UN FRANC SUCCÈS DÈS LE PREMIER ESSAI

La première expérience d’école européenne fut menée en octobre 1953 au Luxembourg. La CECA – Communauté européenne du charbon et de l’acier – avait été créée deux ans plus tôt, en 1951, avec pour mission la régulation du marché des deux matières premières qui constituaient, encore à l’époque, le véritable nerf de la guerre. Par la même occasion, l’idée était de faciliter les échanges commerciaux pour redynamiser le secteur sidérurgique afin de relancer les économies des États européens mises à genoux par les deux conflits mondiaux du XXe siècle.

Les fonctionnaires de la CECA étaient détachés par les gouvernements des six pays fondateurs de l’institution (France, Allemagne de l’Ouest, Italie, Belgique, Luxembourg et Pays-Bas) auprès du siège de l’institution, dont il avait été décidé, après moultes négociations, qu’il serait installé provisoirement à Luxembourg dès 1952. Un an plus tard, un groupe de fonctionnaires prit l’initiative de proposer une expérience éducative novatrice : rassembler des enfants – leurs enfants – de nationalités et de langues maternelles différentes au sein d’une même école, afin qu’ils partagent un socle commun de valeurs et de connaissances.

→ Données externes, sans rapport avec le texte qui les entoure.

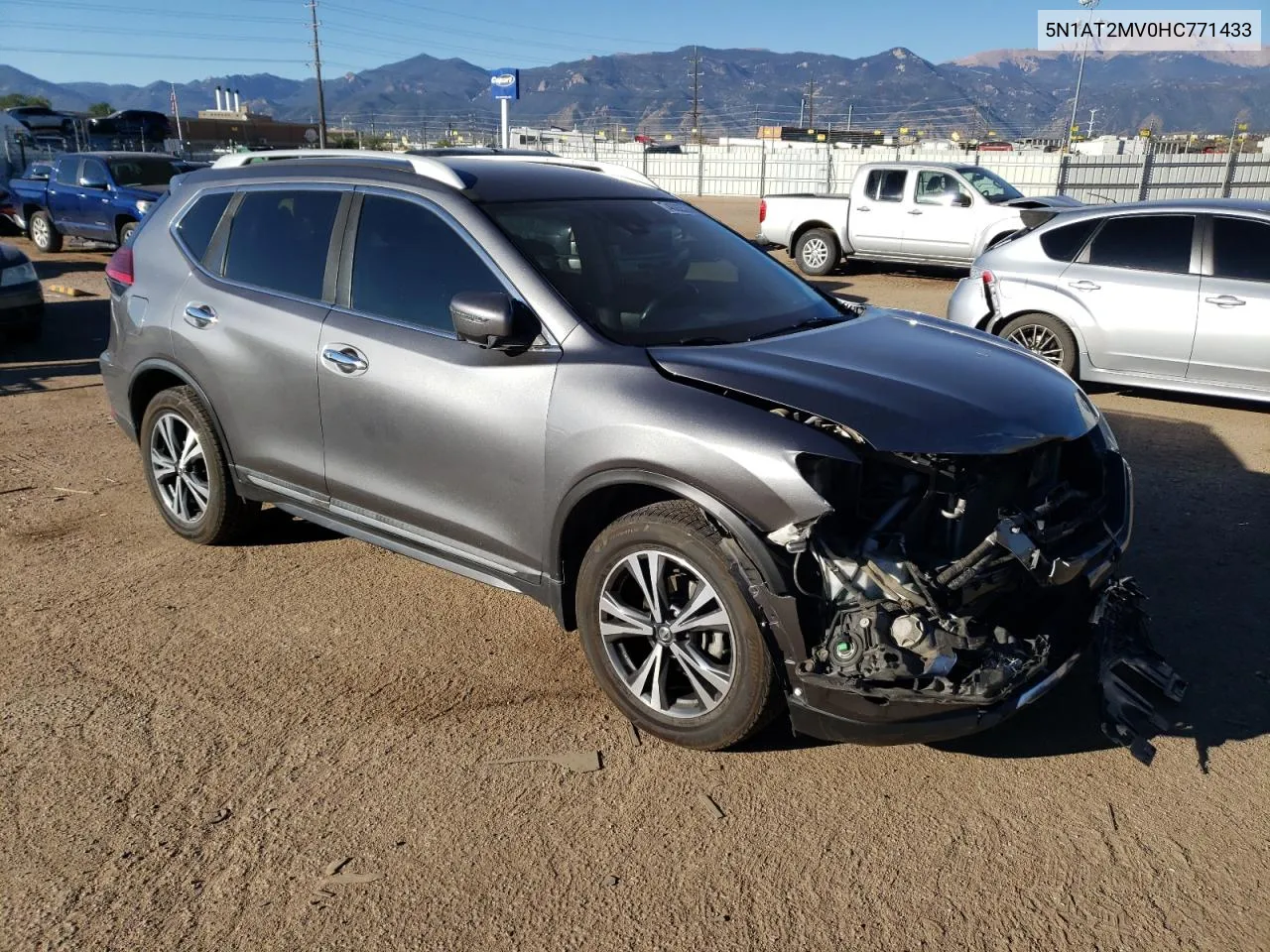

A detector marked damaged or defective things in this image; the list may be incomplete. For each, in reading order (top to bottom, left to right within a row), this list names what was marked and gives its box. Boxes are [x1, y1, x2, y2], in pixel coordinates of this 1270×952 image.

Leur autre objectif, un peu plus nombriliste, était de permettre aux enfants de suivre des cours dans leur langue nationale pendant la durée du détachement des parents au Luxembourg, afin qu’ils puissent reprendre normalement le cursus scolaire une fois rentrés au pays, tout en apprenant une deuxième langue dès leur plus jeune âge, à choisir entre l’anglais, le français ou l’allemand.

Cette première expérience pédagogique d’un nouveau genre fut tellement concluante que les six pays concernés décidèrent de développer le concept et de cadrer officiellement les programmes des cours, le choix des enseignants, le système d’inspection ainsi que la reconnaissance du niveau atteint via leurs ministères de l’Éducation respectifs. Le 12 avril 1957, les six pays membres de la CECA se mirent d’accord sur la signature d’un statut officiel : la première École européenne était donc née, à Luxembourg.

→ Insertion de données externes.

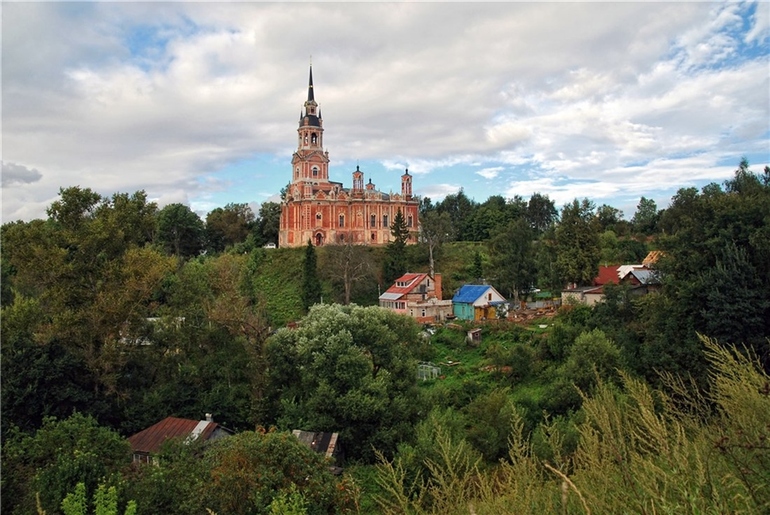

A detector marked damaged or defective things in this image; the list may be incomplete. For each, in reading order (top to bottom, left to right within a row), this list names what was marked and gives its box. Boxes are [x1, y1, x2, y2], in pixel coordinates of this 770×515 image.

rusty roof [127, 418, 220, 454]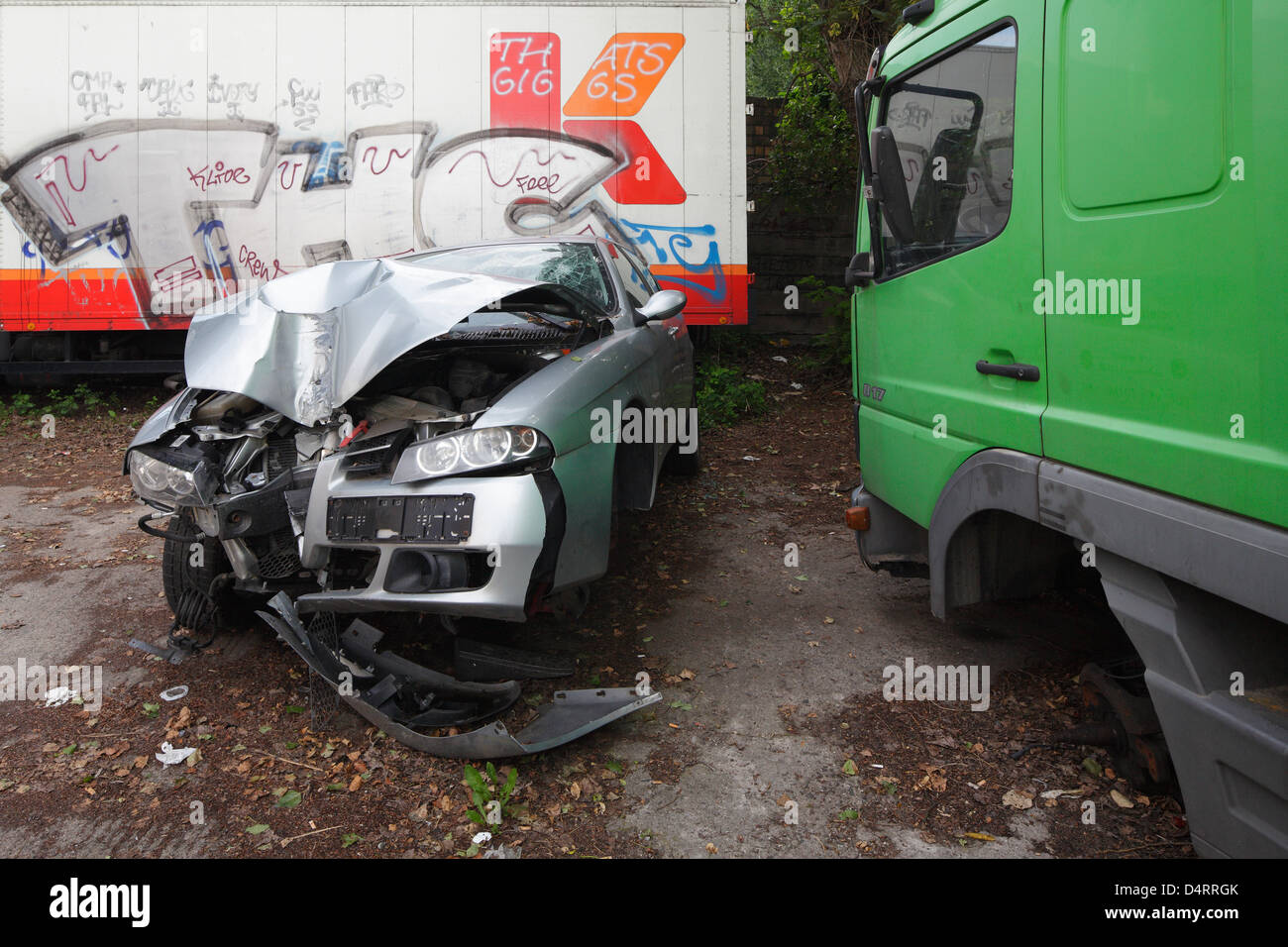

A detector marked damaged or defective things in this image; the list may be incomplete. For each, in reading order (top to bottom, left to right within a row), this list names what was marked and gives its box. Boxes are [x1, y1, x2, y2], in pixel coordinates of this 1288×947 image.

crushed car hood [185, 255, 548, 425]
shattered windshield [409, 241, 615, 311]
wrecked silver car [123, 236, 696, 757]
detached front bumper [301, 451, 564, 623]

Deux des articles de ce statut étonnent encore aujourd’hui par leur ambition visionnaire pour l’époque : l’article 2, qui affirme que « l’école est ouverte aux enfants des ressortissants des Parties contractantes » (comprenez : aux enfants de n’importe quel citoyen issu de l’un des 6 États membres de la CECA) ainsi que l’article 6 qui établit quant à lui que « l’École a le statut d’un établissement public » (son fonctionnement est donc assuré par des ressources publiques issues des 6 pays membres).

Le succès de cette première école poussa les autres institutions européennes, comme la Communauté économique européenne (CEE) et la Communauté européenne de l’énergie atomique (Euratom) à demander l’ouverture de nouvelles Écoles européennes dans différentes villes, sièges des autres Institutions : à Uccle en région bruxelloise en 1958, à Varèse dans le nord de l’Italie en 1960, à Karlsruhe dans le sud-ouest de l’Allemagne en 1962, à Bergen au nord d’Amsterdam, en 1963… pour en arriver aujourd’hui à 13 Écoles européennes « officielles », situées dans 6 différents pays. 4 de ces écoles sont d’ailleurs implantées à Bruxelles, la dernière en date à Laeken depuis 2006… et une 5ème était censée voir le jour en 2021 à Evere, sur l’ancien site de l’OTAN.

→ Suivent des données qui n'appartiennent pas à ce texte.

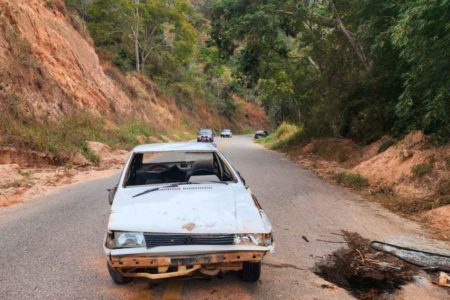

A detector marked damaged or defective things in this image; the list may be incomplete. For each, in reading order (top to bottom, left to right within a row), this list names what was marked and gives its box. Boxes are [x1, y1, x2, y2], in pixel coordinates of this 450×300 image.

damaged white car [104, 143, 274, 284]
pothole [312, 232, 418, 298]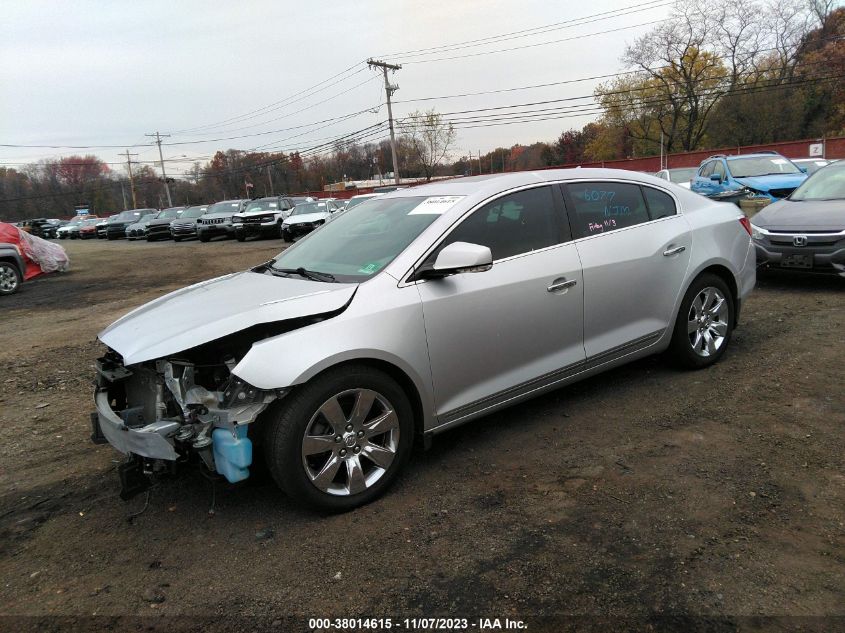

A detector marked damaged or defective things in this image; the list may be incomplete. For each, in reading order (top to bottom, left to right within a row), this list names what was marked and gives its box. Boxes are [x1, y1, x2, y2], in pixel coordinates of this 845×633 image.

crumpled hood [732, 173, 804, 190]
crumpled hood [752, 199, 844, 231]
crumpled hood [99, 272, 356, 366]
damaged front end [90, 346, 284, 498]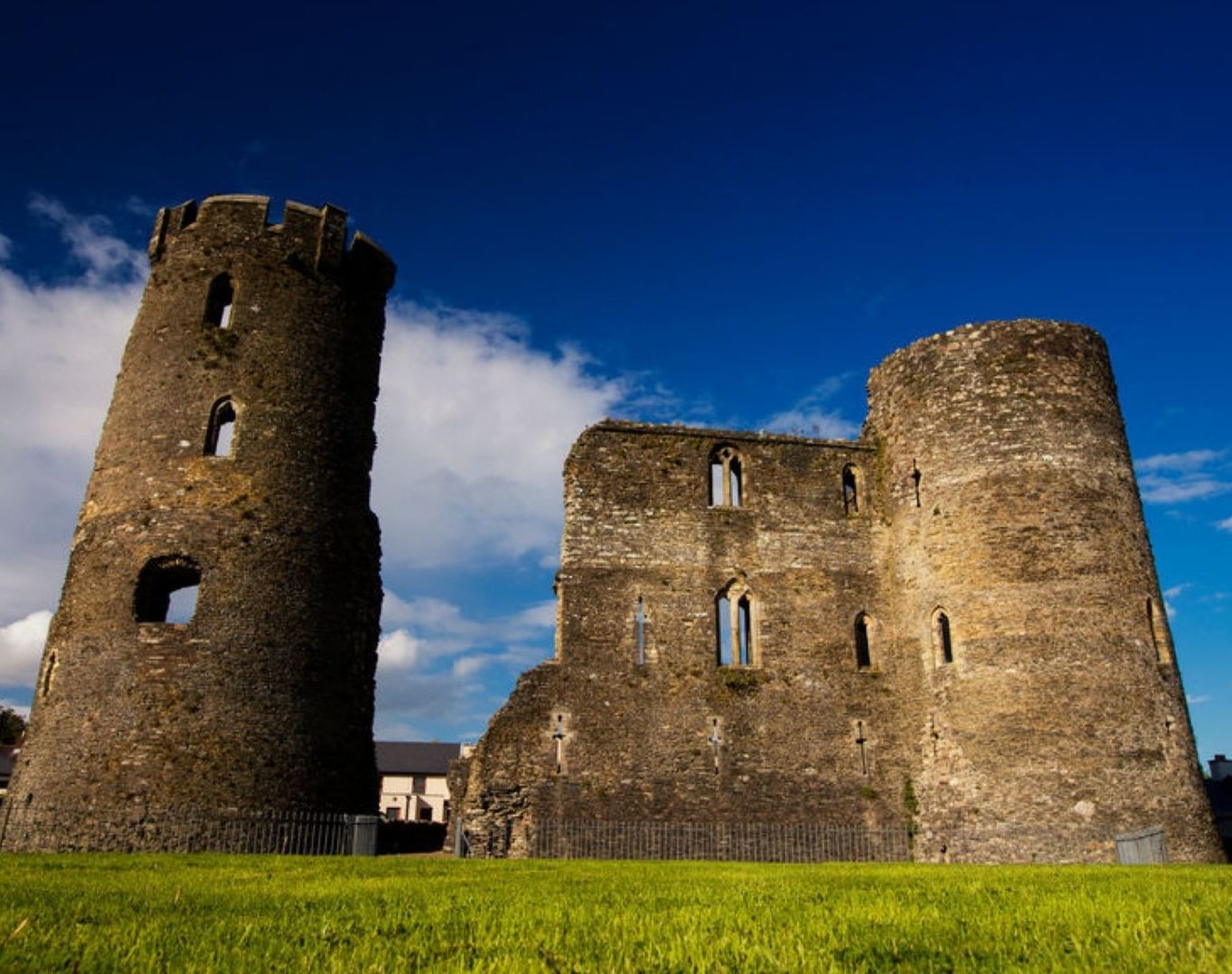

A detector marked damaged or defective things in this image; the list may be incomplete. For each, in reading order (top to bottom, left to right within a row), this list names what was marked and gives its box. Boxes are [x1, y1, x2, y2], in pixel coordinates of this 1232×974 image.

large broken window opening [203, 271, 234, 329]
large broken window opening [203, 396, 236, 457]
large broken window opening [709, 447, 744, 510]
large broken window opening [842, 465, 862, 517]
large broken window opening [134, 556, 202, 625]
large broken window opening [719, 585, 753, 665]
large broken window opening [857, 611, 877, 669]
large broken window opening [931, 605, 951, 665]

ÉCOLE PUBLIQUE, ÉCOLE PRIVÉE

Le texte fondateur originel des Écoles européennes en établissait donc, via son article 6, le « statut d’un établissement public ». Encore aujourd’hui, les frais de fonctionnement de ces écoles sont en grande partie couverts par les États membres : plus de la moitié du budget des Écoles européennes est pris en charge directement par la Commission européenne (elle-même financée par les membres de l’Union européenne), un quart directement par les États via notamment le détachement de personnel enseignant, le petit quart restant étant financé par les minervals payés par les familles dont aucun parent ne travaille dans les institutions européennes. Quant aux bâtiments, ils sont mis à disposition par les gouvernements des pays accueillants. En Belgique, c’est la Régie des Bâtiments, gestionnaire immobilier de l’État belge, qui fournit les infrastructures aux Écoles Européennes, comme par exemple le Château Devis et ses 4,5ha à Uccle ou l’ancienne caserne des Grenadiers à Laeken.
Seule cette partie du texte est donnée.